To conclude, I wish to talk about Africa. What we know about Africa is still quite superficial, at least in Finland. The old Africa is also a continent for the young. What I am thinking about is the demography of the continent and its great challenges. The problem for Europe has been to see Africa as a single entity and the neglect of its diversity, with an approach often characterised by focus on European concerns.
However, today we are seeing that many African countries are very well aware of the challenges. In a recent interview the President of Niger, which constitutes one of the hubs of African migration, told that the country’s population doubles every 18 years, pointing out that this trend cannot be sustained. In 2050 Niger will have the second-largest population is West Africa, still far behind its neighbour Nigeria, the African giant. I believe that, despite the problems involved, both Europe and the African countries are now ready to aim for a genuine partnership.
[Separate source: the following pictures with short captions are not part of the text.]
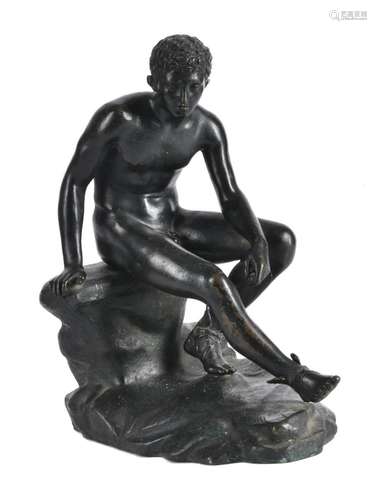 After the antique, a bronze figure of the seated Mercury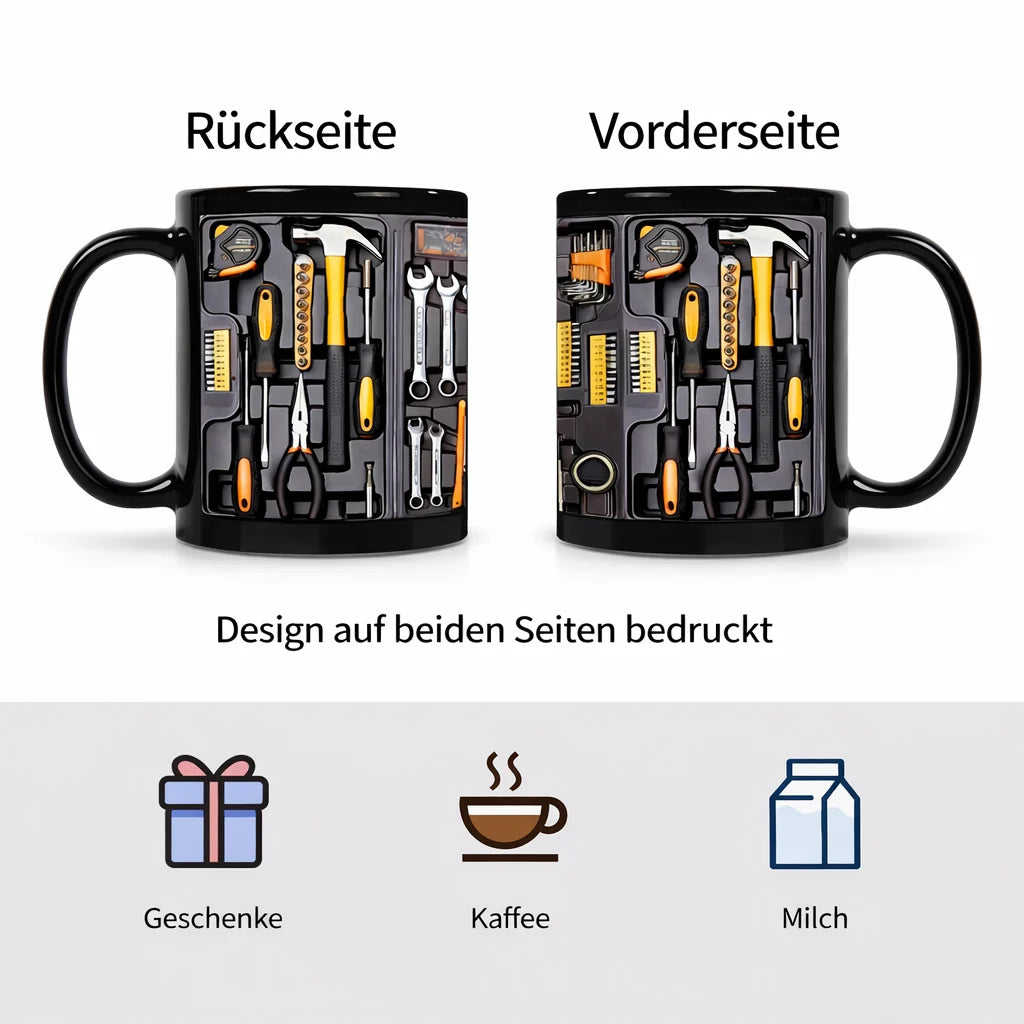 CraftMaster™ Precision Mug — Celebrate your maker power with every sip in rugged style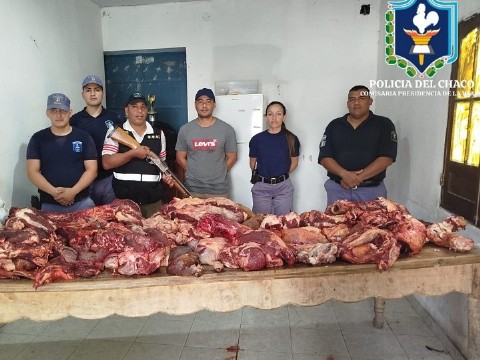 Secuestraron más de 250 kilos de carne faenada ilegalmente en Presidencia de la Plaza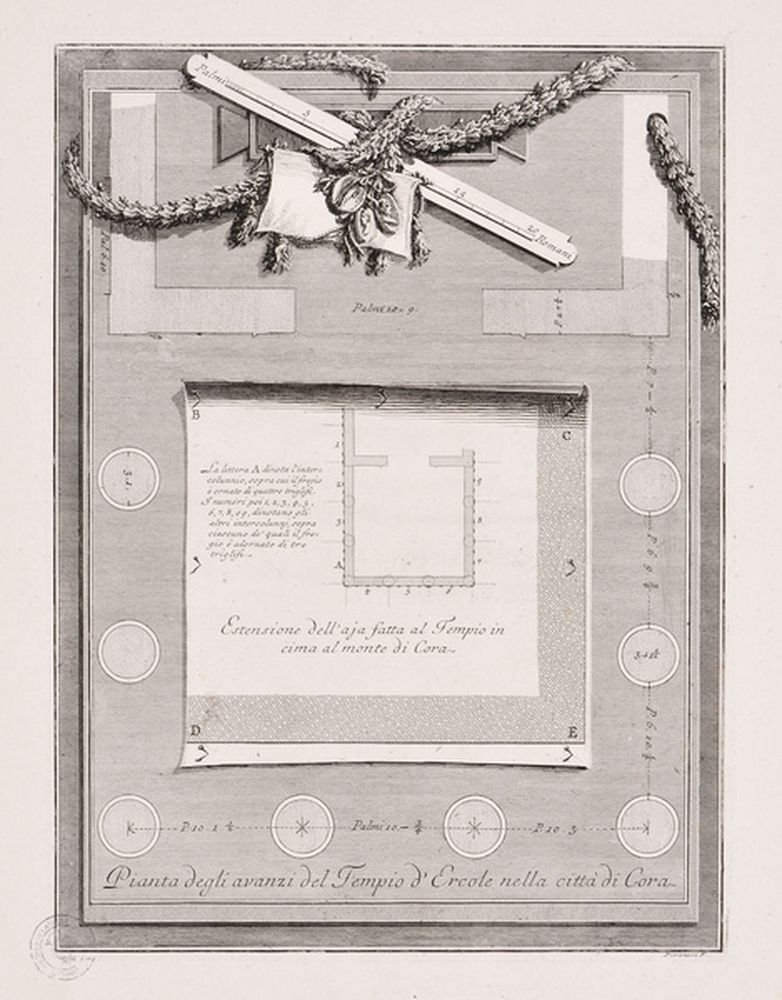 Plan des vestiges du temple d'Hercule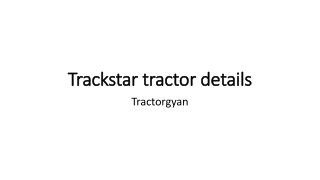 Trakstar tractor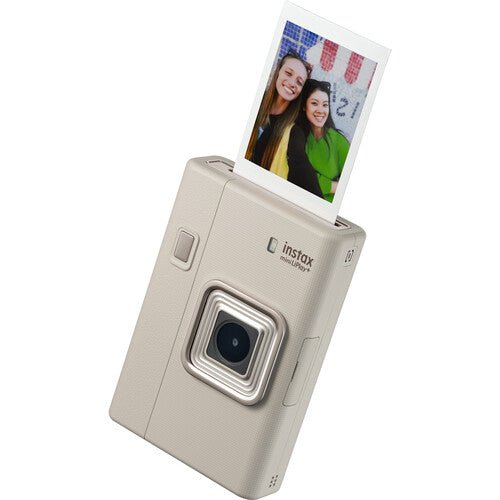 Fujifilm Instax Mini Liplay+ Hybrid Instant Camera (Sand Beige) BND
We must continue the good dialogue with the African Union and its Member States and find new stakeholders who are committed to supporting our efforts. Africa is hungry for investments. When Finland’s Presidency of the Council of the EU has ended, Africa will be the destination of my first long export promotion trip.
Africa is also hungry for positive messages. Young people living in the continent are not just figures in demographic statistics. I want to meet them and give them faith in the future of Africa.
I have a good feeling that our relationship is built on mutual trust. The present global political situation requires seamless collaboration. It requires good understanding of the big picture and a long perspective. In this respect, the Ministry for Foreign Affairs and its network of foreign missions has a unique position in our central government. As you have noted, the Government Programme prepares for expanding our network of foreign missions.
I have been happy to see how our missions abroad are understood to serve the government as a whole and vice versa – I hope that we are giving all the support you need for your important work. I think we may be heading in the same direction.